Jérémie Manigne, groupe SFR : « Il faut sans doute réfléchir à une autorité de régulation unique »

Directeur général au sein du groupe SFR, en charge de l’innovation, des services et des contenus, Jérémie Manigne – également co-auteur du rapport « TV connectée » – explique à EM@ comment les règles du jeu devraient évoluer.

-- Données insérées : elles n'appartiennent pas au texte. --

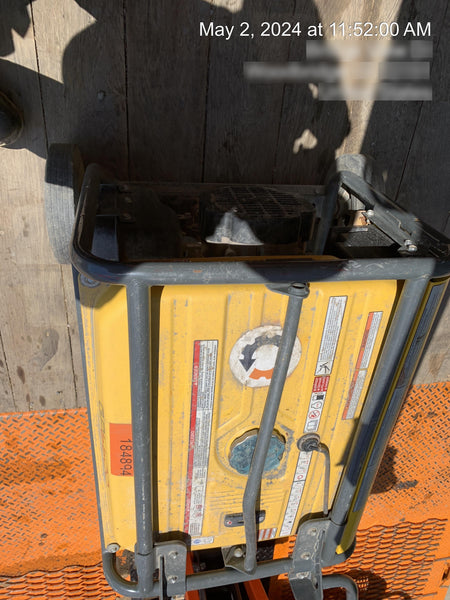 2021 WACKER NEUSON GP6600A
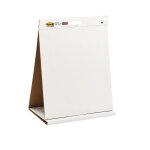 Post - it bloc - notes tableau  feuilles mobiles sur table meeting charts 508 x 584 mm - 20 feuilles ...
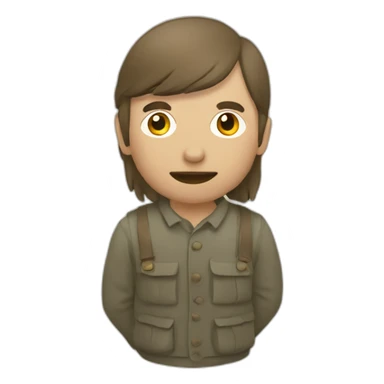 Estonian bog sticker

Sa stratégie passe par la « coopétition » avec les acteurs du Web.

Propos recueillis par Charles de Laubier

Edition Multimédi@ : Vous êtes – avec Takis Candilis (Lagardère), Marc Tessier (VidéoFutur), Philippe Levrier (ex-CSA) et Martin Rogard (Dailymotion) – l’un des cinq co-auteurs du rapport « TV connectée » remis aux deux ministres Frédéric Mitterrand et Eric Besson : quelles sont les plus importantes propositions de la mission ?
Jérémie Manigne :
Le rapport met en lumière la nécessité d’adapter rapidement les règles, qui s’appliquent aux acteurs de l’audiovisuel français, à un contexte de plus en plus ouvert et mondialisé, où Internet s’impose peu à peu comme média de diffusion de contenus. Les mesures proposées visent, d’une part, à permettre le développement d’acteurs français et européens puissants capables de rivaliser avec leurs concurrents internationaux et, d’autre part, à pérenniser le soutien à la création audiovisuelle française en y faisant participer l’ensemble des acteurs de l’Internet.